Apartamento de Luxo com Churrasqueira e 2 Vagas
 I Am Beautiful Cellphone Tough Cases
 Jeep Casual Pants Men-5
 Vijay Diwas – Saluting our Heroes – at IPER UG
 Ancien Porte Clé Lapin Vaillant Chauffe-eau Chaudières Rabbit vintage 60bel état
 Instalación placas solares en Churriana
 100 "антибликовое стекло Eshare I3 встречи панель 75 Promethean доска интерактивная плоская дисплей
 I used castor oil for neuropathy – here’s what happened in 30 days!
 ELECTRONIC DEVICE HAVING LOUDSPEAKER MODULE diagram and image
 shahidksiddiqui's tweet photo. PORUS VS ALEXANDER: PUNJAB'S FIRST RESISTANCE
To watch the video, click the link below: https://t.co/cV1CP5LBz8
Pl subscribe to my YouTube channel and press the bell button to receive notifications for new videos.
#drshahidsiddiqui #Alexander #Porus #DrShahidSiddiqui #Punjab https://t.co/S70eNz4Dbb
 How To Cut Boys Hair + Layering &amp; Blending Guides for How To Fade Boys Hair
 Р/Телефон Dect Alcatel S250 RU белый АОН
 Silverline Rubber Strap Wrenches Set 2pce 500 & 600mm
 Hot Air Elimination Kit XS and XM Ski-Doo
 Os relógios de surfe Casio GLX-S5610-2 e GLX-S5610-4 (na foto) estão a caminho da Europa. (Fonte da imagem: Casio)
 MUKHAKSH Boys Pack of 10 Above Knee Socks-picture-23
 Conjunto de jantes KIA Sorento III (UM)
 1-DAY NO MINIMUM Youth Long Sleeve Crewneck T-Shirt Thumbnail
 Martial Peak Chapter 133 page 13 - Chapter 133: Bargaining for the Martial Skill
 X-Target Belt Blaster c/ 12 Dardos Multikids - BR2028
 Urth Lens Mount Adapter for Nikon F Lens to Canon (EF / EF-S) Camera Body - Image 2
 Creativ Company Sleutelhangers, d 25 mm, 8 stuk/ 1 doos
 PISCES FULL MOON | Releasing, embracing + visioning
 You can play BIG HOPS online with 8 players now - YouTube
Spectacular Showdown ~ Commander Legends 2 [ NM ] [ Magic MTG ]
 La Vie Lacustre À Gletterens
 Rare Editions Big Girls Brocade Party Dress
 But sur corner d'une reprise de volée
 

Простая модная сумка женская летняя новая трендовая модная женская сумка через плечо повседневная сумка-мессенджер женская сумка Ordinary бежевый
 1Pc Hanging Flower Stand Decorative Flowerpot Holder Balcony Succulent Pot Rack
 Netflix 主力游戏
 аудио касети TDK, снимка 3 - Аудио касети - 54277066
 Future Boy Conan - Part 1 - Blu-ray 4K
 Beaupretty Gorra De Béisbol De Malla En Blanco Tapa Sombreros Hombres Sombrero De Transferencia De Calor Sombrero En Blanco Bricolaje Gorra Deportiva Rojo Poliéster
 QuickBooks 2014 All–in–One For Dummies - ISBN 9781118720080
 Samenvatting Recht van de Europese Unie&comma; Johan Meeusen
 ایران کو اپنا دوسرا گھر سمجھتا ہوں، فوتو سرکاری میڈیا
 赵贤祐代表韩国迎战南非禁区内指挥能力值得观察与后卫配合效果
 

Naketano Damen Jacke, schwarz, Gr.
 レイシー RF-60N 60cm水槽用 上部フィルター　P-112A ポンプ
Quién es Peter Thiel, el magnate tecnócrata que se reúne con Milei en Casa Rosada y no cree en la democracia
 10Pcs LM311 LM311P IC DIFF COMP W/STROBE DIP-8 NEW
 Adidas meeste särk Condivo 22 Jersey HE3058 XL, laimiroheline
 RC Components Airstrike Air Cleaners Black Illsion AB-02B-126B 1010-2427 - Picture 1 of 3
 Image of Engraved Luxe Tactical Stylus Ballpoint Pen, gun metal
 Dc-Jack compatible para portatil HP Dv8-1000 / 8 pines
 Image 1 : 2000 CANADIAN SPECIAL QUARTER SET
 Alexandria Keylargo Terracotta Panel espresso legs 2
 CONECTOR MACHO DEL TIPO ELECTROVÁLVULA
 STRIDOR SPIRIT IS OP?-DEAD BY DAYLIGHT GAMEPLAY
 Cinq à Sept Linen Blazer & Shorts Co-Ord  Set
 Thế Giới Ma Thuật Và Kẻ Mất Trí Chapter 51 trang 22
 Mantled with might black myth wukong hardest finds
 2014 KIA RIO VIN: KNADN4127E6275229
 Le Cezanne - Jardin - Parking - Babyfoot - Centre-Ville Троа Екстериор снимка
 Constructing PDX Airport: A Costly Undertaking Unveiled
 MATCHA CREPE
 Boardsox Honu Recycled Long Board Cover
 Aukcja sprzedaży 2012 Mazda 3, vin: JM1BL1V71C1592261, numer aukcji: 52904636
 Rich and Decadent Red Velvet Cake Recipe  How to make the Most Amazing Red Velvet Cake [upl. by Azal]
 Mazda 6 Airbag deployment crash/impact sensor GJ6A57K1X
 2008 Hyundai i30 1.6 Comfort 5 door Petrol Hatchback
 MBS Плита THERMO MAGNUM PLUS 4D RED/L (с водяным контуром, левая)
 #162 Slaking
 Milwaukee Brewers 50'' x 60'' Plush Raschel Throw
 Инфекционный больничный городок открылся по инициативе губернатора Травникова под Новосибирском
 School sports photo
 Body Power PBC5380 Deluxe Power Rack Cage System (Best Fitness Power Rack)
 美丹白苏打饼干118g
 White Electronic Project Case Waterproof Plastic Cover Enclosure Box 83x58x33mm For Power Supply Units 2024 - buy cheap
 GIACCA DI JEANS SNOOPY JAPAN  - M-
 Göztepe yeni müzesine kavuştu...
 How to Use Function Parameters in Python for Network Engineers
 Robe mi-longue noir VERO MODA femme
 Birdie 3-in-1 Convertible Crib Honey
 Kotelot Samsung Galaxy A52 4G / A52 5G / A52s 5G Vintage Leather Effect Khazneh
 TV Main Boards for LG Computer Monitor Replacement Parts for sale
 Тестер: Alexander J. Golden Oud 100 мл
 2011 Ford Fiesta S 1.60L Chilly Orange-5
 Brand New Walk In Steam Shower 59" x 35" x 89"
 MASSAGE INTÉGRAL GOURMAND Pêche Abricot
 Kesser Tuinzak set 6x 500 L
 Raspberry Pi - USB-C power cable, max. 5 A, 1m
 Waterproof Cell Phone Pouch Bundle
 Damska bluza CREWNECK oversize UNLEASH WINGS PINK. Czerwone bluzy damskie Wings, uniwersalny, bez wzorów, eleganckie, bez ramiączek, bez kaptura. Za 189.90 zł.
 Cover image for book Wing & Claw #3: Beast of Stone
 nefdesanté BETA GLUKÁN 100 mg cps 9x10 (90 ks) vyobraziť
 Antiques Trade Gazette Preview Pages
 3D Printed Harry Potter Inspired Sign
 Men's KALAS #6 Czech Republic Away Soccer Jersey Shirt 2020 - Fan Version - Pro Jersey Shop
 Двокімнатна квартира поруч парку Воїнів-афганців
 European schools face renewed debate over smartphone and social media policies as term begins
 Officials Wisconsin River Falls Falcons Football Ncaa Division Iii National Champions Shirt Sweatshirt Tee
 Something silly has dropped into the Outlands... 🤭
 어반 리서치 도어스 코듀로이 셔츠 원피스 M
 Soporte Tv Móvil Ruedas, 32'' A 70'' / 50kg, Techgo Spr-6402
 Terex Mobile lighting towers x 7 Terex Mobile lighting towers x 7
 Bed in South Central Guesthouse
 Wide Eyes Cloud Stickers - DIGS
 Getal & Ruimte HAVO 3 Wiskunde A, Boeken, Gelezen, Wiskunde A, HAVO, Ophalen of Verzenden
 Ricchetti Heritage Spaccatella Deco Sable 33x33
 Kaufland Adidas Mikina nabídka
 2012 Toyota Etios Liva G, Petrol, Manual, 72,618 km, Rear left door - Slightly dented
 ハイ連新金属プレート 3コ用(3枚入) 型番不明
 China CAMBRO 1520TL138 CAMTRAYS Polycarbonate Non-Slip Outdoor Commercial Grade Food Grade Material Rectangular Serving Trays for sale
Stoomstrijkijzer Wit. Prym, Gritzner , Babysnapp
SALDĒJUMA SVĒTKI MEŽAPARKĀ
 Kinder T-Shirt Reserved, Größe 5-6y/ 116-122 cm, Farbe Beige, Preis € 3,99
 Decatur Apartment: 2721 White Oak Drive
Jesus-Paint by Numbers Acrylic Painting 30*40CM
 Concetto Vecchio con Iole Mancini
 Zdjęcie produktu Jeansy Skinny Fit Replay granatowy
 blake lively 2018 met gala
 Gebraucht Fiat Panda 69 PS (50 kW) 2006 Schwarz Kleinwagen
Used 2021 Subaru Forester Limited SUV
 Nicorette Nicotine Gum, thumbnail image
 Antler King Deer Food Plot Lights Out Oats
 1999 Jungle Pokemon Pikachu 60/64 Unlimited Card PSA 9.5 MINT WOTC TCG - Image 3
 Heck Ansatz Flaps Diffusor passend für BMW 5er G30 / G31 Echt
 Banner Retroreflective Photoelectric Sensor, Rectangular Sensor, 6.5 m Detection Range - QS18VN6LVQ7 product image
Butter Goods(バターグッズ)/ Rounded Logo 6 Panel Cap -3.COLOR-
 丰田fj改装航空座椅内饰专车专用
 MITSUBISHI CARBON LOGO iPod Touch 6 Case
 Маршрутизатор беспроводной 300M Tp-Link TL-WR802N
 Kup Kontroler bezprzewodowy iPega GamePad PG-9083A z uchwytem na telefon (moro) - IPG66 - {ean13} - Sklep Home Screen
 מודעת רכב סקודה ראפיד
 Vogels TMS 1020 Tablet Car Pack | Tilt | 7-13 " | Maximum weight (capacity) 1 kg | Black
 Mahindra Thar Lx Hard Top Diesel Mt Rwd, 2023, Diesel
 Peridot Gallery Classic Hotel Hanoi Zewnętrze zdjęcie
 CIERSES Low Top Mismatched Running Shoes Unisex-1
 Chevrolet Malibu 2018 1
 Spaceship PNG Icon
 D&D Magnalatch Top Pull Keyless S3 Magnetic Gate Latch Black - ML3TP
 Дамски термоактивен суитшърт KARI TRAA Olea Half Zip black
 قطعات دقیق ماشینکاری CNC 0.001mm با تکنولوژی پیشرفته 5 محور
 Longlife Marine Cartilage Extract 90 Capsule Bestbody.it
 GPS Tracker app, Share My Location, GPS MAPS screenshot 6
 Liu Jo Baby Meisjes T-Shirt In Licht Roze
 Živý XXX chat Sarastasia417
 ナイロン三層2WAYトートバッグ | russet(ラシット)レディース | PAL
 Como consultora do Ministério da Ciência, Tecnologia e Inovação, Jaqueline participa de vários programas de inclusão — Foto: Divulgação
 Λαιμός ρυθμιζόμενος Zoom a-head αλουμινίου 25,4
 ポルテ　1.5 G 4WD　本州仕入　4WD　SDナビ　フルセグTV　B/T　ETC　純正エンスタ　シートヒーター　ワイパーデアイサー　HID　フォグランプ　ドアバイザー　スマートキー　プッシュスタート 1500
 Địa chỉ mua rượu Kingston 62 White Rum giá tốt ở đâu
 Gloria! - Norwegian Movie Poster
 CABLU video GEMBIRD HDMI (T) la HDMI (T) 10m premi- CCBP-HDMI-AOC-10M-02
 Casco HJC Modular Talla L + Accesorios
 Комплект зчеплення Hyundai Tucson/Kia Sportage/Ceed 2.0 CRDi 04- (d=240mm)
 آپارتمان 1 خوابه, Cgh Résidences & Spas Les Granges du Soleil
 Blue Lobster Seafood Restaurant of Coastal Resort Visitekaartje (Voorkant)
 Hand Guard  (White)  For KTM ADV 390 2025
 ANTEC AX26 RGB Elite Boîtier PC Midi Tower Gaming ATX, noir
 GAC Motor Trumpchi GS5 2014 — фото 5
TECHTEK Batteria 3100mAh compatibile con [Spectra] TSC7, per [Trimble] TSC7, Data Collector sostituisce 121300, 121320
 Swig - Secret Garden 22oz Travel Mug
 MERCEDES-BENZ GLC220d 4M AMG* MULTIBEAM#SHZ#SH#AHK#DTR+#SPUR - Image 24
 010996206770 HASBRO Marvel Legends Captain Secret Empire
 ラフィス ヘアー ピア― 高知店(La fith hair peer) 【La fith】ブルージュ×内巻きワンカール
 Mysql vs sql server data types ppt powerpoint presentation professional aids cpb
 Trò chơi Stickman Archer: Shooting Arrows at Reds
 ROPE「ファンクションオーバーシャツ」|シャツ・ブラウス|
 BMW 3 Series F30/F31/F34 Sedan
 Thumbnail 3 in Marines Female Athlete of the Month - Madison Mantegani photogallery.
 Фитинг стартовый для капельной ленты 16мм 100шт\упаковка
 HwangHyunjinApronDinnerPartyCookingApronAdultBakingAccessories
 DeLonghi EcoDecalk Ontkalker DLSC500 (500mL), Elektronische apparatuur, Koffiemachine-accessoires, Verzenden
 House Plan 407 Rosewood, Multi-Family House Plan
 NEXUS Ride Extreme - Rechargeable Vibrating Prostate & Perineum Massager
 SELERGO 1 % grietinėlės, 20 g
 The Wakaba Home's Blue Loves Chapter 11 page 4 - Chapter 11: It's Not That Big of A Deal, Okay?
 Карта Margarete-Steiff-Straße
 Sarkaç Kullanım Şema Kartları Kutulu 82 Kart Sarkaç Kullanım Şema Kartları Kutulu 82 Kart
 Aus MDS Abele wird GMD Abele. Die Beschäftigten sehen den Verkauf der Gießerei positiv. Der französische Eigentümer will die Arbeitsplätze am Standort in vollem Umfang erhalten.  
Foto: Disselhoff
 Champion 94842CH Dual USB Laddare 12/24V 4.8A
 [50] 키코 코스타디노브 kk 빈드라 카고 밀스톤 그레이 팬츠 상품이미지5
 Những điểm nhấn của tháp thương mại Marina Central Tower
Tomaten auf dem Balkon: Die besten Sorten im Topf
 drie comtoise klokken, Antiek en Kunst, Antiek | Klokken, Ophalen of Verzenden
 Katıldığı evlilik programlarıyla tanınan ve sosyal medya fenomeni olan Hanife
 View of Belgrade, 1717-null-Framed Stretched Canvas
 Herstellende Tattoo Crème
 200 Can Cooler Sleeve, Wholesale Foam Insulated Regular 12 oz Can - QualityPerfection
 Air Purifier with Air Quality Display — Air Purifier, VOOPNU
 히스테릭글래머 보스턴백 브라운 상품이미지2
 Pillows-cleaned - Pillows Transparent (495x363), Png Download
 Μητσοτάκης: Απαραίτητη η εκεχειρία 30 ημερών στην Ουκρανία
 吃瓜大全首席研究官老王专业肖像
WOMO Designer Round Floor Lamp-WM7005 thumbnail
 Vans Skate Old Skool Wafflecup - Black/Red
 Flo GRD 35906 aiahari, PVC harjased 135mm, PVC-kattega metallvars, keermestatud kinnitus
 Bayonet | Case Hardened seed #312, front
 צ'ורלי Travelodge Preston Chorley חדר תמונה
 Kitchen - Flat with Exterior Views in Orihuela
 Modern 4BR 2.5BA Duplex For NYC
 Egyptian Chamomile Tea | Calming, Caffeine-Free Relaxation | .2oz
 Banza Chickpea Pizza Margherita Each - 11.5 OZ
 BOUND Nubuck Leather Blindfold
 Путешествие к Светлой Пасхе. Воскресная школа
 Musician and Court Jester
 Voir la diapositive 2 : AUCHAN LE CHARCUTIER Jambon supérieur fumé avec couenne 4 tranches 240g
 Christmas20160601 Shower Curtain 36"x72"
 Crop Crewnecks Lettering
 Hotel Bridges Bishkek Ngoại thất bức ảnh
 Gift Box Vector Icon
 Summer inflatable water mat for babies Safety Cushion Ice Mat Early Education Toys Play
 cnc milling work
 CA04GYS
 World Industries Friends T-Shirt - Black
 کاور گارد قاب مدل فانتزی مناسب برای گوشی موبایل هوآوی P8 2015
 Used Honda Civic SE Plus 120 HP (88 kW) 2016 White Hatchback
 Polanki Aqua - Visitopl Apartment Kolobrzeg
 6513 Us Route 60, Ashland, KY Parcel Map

**WHAT THE EXERCISE ASKS:** Go through the lines above and copy any that contain "Jersey".

**ANSWER BOX:**
 Adidas meeste särk Condivo 22 Jersey HE3058 XL, laimiroheline
 Men's KALAS #6 Czech Republic Away Soccer Jersey Shirt 2020 - Fan Version - Pro Jersey Shop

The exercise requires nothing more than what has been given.